My mother faithfully washed my wound every morning and applied fresh bandages, a full foot and ankle wrap. Cheerful, making no comment about the state of my foot, she always talked about the day ahead.
Unknown to me, my parents learned from the doctor that my foot had become gangrenous. Gangrene is irreversible. The doctors had given my parents the news that in order to save my life the foot would need to be removed. The decision whether to remove at the ankle or the knee to stop the spread of the gangrene loomed.
Medical Terminology: Gangrene is a type of tissue death caused by a lack of blood supply. Symptoms may include a change in skin color to red or black, numbness, swelling, pain, skin breakdown, and coolness. The feet and hands are most commonly affected. If the gangrene is caused by an infectious agent, it may present with a fever or sepsis.
My parents told me that they had contacted the ministers from our church to bring an anointed cloth. They would have a faith healing prayer over me and ask God for healing and restoration of my foot.
I was surprised. I had not expected this. I remember being very shy and uncertain as the Pastor sat beside me on the bed, my mother and father kneeling by the bed.
He asked me, “Do you believe Jesus Christ can heal you?”
I said, “Yes.”
The Pastor knelt as well and placed the folded white cloth across my forehead. The prayer commenced.
The next morning, I was in my usual leaning back on the counter, propped up on my elbows, with my foot hanging into the sink for my mother to clean the foot wound before applying the new bandages.
She unwrapped the bandages quietly and calmly, but gave an exclamation of disbelief and began to sob heavily.
I was alarmed! “Mom, Mom? What's wrong?” I cried out.
She said, “Oh, Ginger! Your foot looks just like fresh liver!”
I think the miracle of healing may have been for the faith building of my parents more than I at that time, for I was not even aware that there was a life threatening situation.
I learned that my parents had been given a 24-hour ultimatum before I was required to go into surgery. They told me they asked for an additional 24 hours because the minister could not make it that first night. They wanted to give every opportunity for God to show His Mercy before making such a dire decision.
The doctor's report stated that through a miraculous event of healing the gangrenous condition of Ginger's foot was completely healed. The gangrene seemed to reversed itself being a medical impossibility in this circumstance. In his opinion a miracle had enacted.
When God becomes real. These are the stories to be shared.
Epilogue
Kaizen Farm, 2018
I have often wondered why God spared my left foot. I had just taken the tack from the arena fence and gotten my lesson horse ready for my riding lesson. Today, Sarah would be my instructor.
We were just conversing, as we do in every lesson, while she was trying to get me to correct the position of my left boot in the stirrup.

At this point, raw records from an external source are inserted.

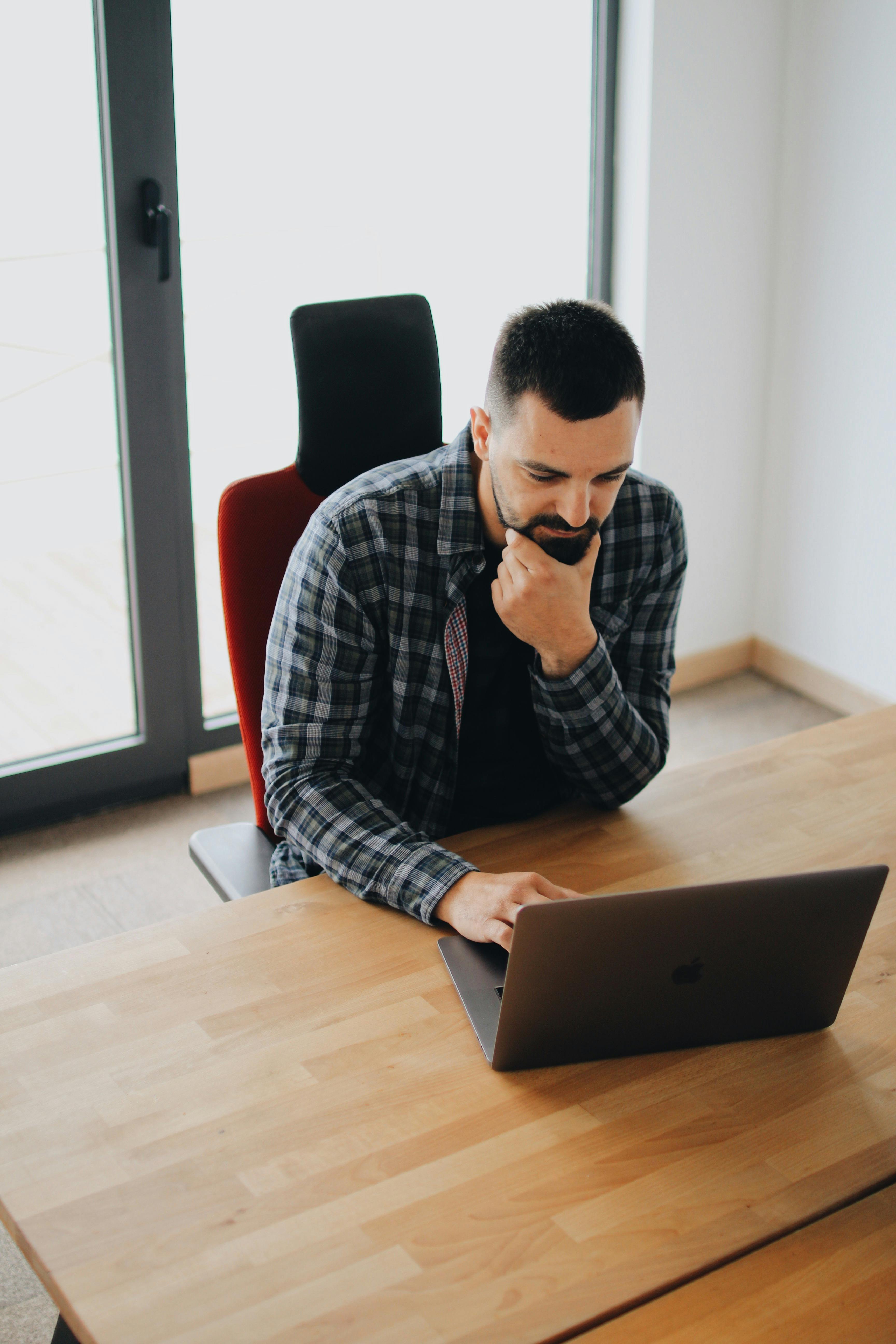 man using laptop computer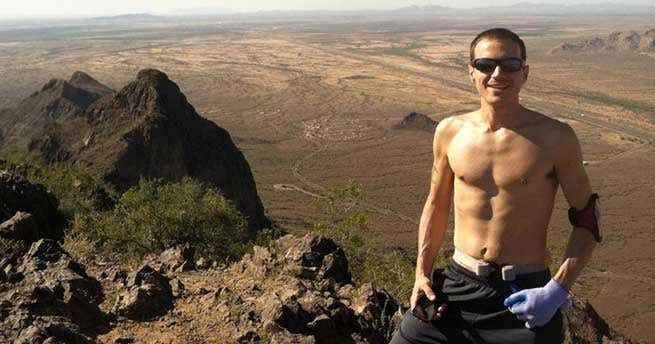 Runner Brandon Frye stands on a rocky overlook on a sunny day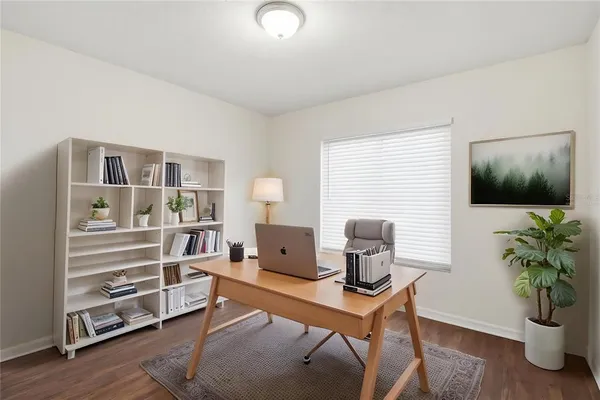 a view of a workspace with furniture and a window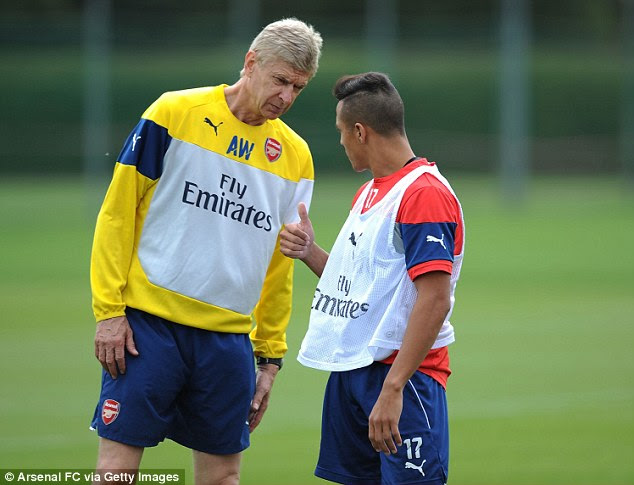 Good to go: Sanchez was signed by Arsenal boss Arsene Wenger (left) for £30million in July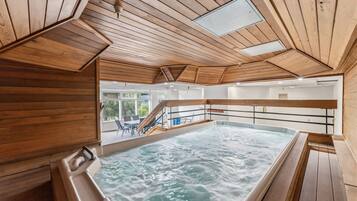 Un jacuzzi en una cabaña de madera con vistas al paisaje.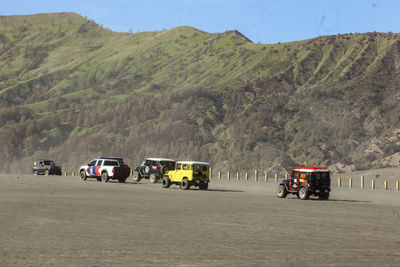 Cars on road against mountains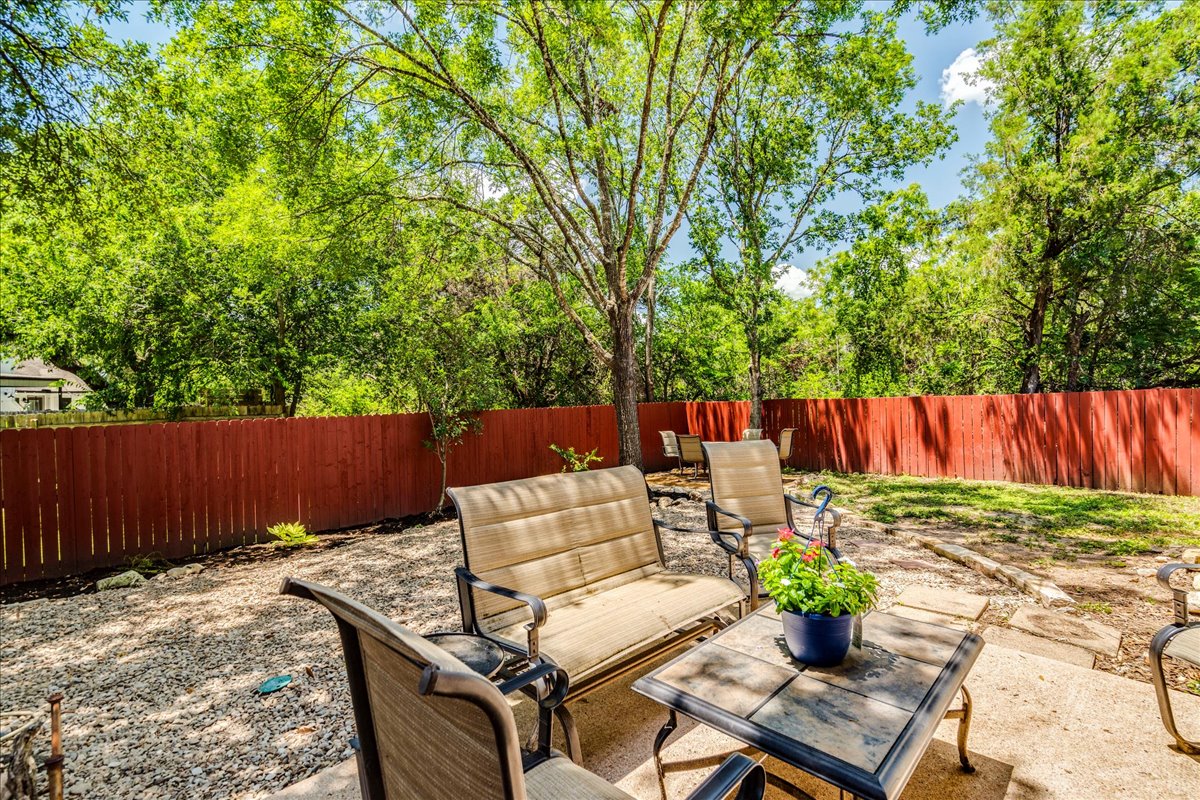 9300 Tea Rose Trail Austin, TX 78748 - Photo 29 of 33 An inviting backyard patio offers ample space for outdoor relaxation and entertaining.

I decided to tell her my story. I am not a sensationalist. Sometimes I just need to tell my story to remember what faith can ask and what a Great God can do. I had to re-learn how to walk after the injury because my leg had been in a cast at an odd angle and the nerves atop my foot had been removed.
She listened and adjusted my riding boot in the stirrup and suggested trying some stretching exercises.
I told her I have never understood why God spared my foot.
She looked at me with her frank English gaze and said matter-of-factly, “He knew you needed something to fill your boot.”
I am still filled with amazement and gratitude upon every remembrance of God's divine healing.
And God Bless Sarah for the practicality of her answer.